Imagine a board member asking a CEO, "Are all your systems patched regularly?" As the CEO goes to find the answer, she may find that instead of the words changing, the meaning of them changes. The board member probably really means "all the company's systems," and "patched within industry-standard windows based on criticality," but that nuance will get lost. The CEO will turn to the CIO to ask the question, which implicitly reduces "all our systems" to "the systems the CIO is responsible for" and "patched regularly" becomes "patched within our internal maintenance windows." The CIO asks their team, and so on. The metric reported back up ends up being something like "for our supported Windows servers, we apply the Microsoft patches within our planned maintenance windows 87% of the time."

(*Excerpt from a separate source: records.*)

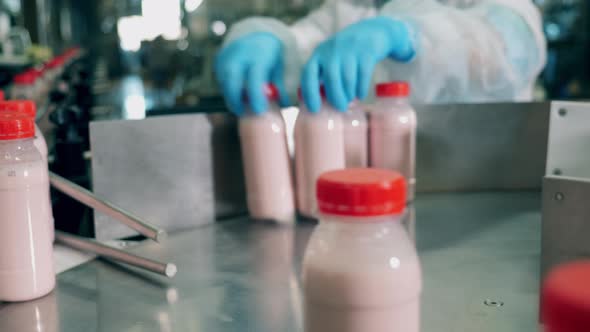 Bottles with Yogurt Moving on a Line at a Cheese Factory. Food Packaging, Food Factory Conveyor alt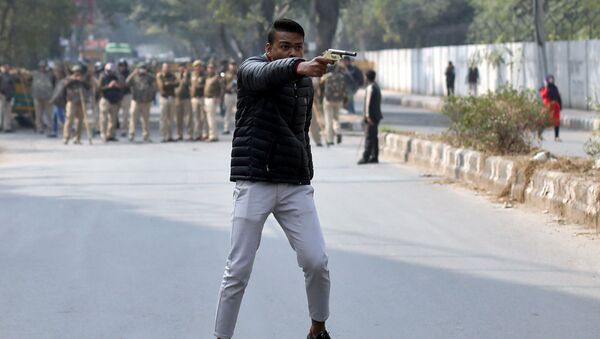 An unidentified man brandishes a gun during a protest against a new citizenship law outside the Jamia Millia Islamia university in New Delhi, India, January 30, 2020.  - Sputnik International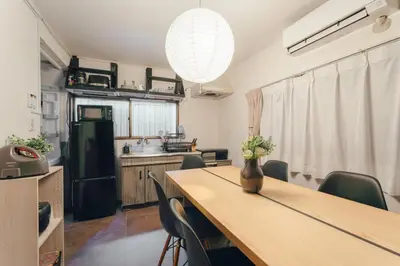 a kitchen with a table with chairs and a vase on it at 2BR Tokyo House easy Access to Asakusa 8ppl in Tokyo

Those caveats get lost in the messaging back up to the CEO, so the company thinks it's doing just fine, when, in reality, only a small fraction of software is being tracked well. There's a disincentive to provide better tracking, because that 87% number will go down when combined with another set of data with a lower score, and no one wants to explain why a metric just got worse. And this management miscommunication only gets worse with the cloud, because executives generally don’t even have a touchstone for how many cloud systems there are. And mixing the security and maintenance practices of cloud environments with your legacy enterprise approaches usually leaves cloud hygiene holding the short end of the stick. Here are four suggestions for getting smarter and more systematic with your cloud security hygiene.
1. Categorize How Complete Your Cloud Coverage Is
In the pre-cloud world, it was easy to understand how many systems you had – after all, you could always walk into the data center and count them. In the cloud, however, even that fallback isn't readily available, and so you have to give any measurement of security a caveat: How many of your systems are covered by this measurement? "We patched 75 systems for the latest CVE" is only a good statement if you have 75 systems. If you have 1,000, it's not a very positive outcome.
Keeping an asset inventory may sound like a monumental task, but start by aggregating your systems into clusters, organized by how you manage them. Perhaps your production servers in AWS are one cluster, and your development systems fit into another. Your employee laptops fit into a third cluster, and the corporate IT and networking infrastructure is a fourth (they aren't "cloud," but let's not forget about them). Now, you can start to talk about hygiene practices within each cluster ("We patched 95% of our employee systems within 48 hours"), which gets you closer to understanding business outcomes.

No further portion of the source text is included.